Poor gingerbread man.......... Chum sure did a job on him. 

I think some of our dogs could be used as product testers.


----------



## turner6291 (Sep 2, 2012)

Hahaha... Zoë got a large plush candycane..it was adorable...for about 10 minutes until it was in pieces!

Sent from Petguide.com Free App


----------



## Wenderwoman (Jan 7, 2013)

lol. I thought I got some sturdy toys for X-Mas. Nope. They met untimely deaths too.


----------



## Tennyson (Mar 26, 2011)

RIP Mr. Gingerbread Man


----------



## brianne (Feb 18, 2012)

So Gingerbread man has been de-stuffed and de-squeakered, Purple monkey has been be-headed and is unrecognizable, and Mr. Moose (promised to be nearly indestructible) has had his jaw torn open. :no:

I'm sensing a pattern here....

My house resembles a gruesome scene in a horror movie with stuffed animal body parts strewn throughout. I feel like I should turn Chumlee in to the stuffed toy authorities as a serial killer.  (and I should have my debit card taken away for wasting so much money!)


----------



## KhanKrazy (Jul 30, 2013)

Aaahh this scene looks familiar... 

We can't buy Beau and Sasha ANYTHING with stuffing/filling or it's all over the floor within minutes. They even managed to completely destroy a rubber ball last night within 2 minutes of me giving it to them! Such beasts.


----------



## alphadude (Jan 15, 2010)

LOL, I have a pair of serial killers (of stuffed toys) as well.


----------



## mddolson (Jul 10, 2012)

Yep, a stuffed toy lasts about 20 minutes with our Bella.

Mike D


----------



## CAROLINA MOM (May 12, 2009)

My two had done really well with their stuffies, they had several for many years. 
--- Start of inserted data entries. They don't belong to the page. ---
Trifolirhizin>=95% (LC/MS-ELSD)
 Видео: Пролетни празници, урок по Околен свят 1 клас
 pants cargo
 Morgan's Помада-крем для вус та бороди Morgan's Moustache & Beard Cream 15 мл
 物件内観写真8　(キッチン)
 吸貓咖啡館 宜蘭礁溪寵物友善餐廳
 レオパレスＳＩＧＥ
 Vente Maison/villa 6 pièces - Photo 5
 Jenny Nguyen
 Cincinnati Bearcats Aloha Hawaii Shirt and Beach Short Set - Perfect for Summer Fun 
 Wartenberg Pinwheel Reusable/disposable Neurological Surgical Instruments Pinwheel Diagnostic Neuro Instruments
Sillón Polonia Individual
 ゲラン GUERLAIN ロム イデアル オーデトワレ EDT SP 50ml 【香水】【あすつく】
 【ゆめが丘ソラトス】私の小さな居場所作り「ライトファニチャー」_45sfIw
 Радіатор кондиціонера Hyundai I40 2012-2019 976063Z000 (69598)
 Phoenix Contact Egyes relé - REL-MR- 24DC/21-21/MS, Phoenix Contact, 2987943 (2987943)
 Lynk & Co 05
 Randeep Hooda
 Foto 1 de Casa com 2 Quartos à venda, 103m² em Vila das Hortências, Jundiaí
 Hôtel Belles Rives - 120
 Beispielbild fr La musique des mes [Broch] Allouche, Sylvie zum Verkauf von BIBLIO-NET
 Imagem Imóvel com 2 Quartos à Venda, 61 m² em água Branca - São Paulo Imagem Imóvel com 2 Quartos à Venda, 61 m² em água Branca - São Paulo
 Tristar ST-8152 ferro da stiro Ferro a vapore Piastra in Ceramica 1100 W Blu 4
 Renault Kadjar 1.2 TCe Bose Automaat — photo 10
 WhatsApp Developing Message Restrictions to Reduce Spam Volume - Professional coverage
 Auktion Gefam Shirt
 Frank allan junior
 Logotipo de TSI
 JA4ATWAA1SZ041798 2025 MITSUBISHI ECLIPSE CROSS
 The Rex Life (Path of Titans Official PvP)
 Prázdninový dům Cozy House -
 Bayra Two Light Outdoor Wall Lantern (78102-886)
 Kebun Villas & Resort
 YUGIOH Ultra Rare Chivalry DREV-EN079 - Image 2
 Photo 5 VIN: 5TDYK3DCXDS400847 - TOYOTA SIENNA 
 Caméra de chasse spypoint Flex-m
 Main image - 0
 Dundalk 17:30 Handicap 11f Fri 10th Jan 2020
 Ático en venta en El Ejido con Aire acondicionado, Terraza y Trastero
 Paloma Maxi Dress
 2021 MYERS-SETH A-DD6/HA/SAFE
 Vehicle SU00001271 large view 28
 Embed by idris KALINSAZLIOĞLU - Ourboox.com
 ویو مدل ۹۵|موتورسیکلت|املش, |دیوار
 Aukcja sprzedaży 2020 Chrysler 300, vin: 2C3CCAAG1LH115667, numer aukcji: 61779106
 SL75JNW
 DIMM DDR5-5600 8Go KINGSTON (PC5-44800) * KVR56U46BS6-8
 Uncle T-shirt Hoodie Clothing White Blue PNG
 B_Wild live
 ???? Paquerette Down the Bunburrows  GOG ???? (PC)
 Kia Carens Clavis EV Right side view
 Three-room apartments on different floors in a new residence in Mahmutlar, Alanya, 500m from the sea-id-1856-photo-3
A couple of months ago, they went crazy and totally destroyed about half of them for whatever reason. 

They didn't get any new toys for Christmas this year, only treats and antlers.


----------



## brianne (Feb 18, 2012)

*It Happened Again!*

Sock Monkey was soooo happy to join the family on Christmas morning. "A Golden Retriever of my very own?! Oh, thank you, Santa!! I know what gentle, soft mouths they have! Chumlee and I will have so much fun together!!"

Christmas morning was magical and Sock Monkey couldn't stop smiling. Even when Chumlee accidentally bit him a little too hard...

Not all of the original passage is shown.